I was at Chateau d'Yquem on Friday and met one of the technical team Sandrine Garbay. The rain that arrived in Bordeaux in October has effected the grapes in Sauternes badly. The normal 'tri' harvest when the pickers go through the vineyards several times has been stop/start. Much of the fruit currently on the vine (today) will be dropped on the floor.
I also saw the team from Chateau Guiraud on Friday. Xavier Planty the charismatic joint owner of Guiraud was keeping a positive frame of mind. But Guiraud had problems during the growing season with mildew (they are now fully organic, so treatments against mildew are difficult). Guiraud have picked the grapes for their excellent dry white wine 'G de Guiraud' and they have picked some botrytis grapes but not any good quantity of top quality grapes for their top wine.

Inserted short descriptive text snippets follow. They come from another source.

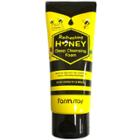 Farm Stay - Refreshing Honey Deep Cleansing Foam 180ml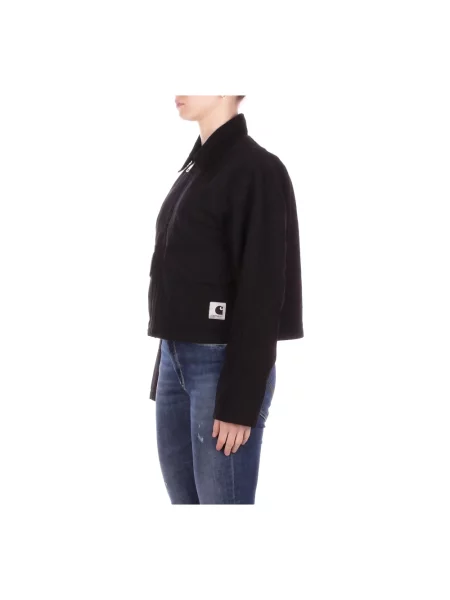 Kurtka Carhartt Wip czarna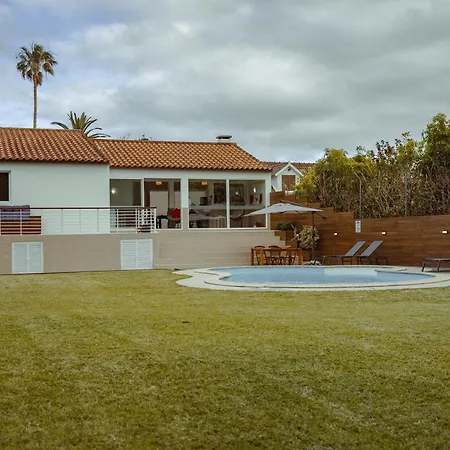 Casa Xavier - Piscina 2735/al Ponta Delgada (Sao Miguel)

Bordeaux is a difficult place to grow grapes with the Autumn rains normally at harvest time, but this 2012 vintage is looking even more precarious. It is too early to give definitive views; and ultimatley the best judgement is when we actually taste the wines in early April, but the situation in Sauternes is so bad that the top estates might not actually make any wine. Chateau d'Yquem do not produce a second wine (they make a different style of dry white called 'Y'). So the Chateau has no system of downgrading grapes to a lower tier. The decision at Yquem will be either to make wine or not. The Chateau did not release any wine in 1910,1915,1930,1951,1952,1964,1972, 1974 and 1992. Let's hope that the seemingly 20 year cycle of duff vintages has not continued into 2012!
I'll be tasting at Chateau Mouton Rothschild, Pontet Canet, Grand Puy Lacoste and more in Pauillac tomorrow so I'll get more feel for what is happening and update shortly.
Initial views are that the red crop is a significant drop in volume from 2011 and the quality in some vats is very very good. The dry whites are looking good too.
Monday, 29 October 2012
Thursday, 11 October 2012
|Ripe grapes ready to be picked at Chateau Grand Puy Lacoste|
|The 120 pickers gather at Chateau Margaux for their instructions.|
|Horses being used to transfer empty crates at Chateau Pontet Canet|
|First sorting table (whole bunches) at Pontet Canet|
|Second sorting table at Pontet Canet (individual berry selection)|
The 2012 grape harvest has started in Bordeaux. The growing season has been slightly topsy turvy! There was extreme cold during the winter of 2011/12, which is normally absolutely no problem when the vine is dormant. But in Pomerol it reached -16 degrees celsius for a few days and the vines suffered.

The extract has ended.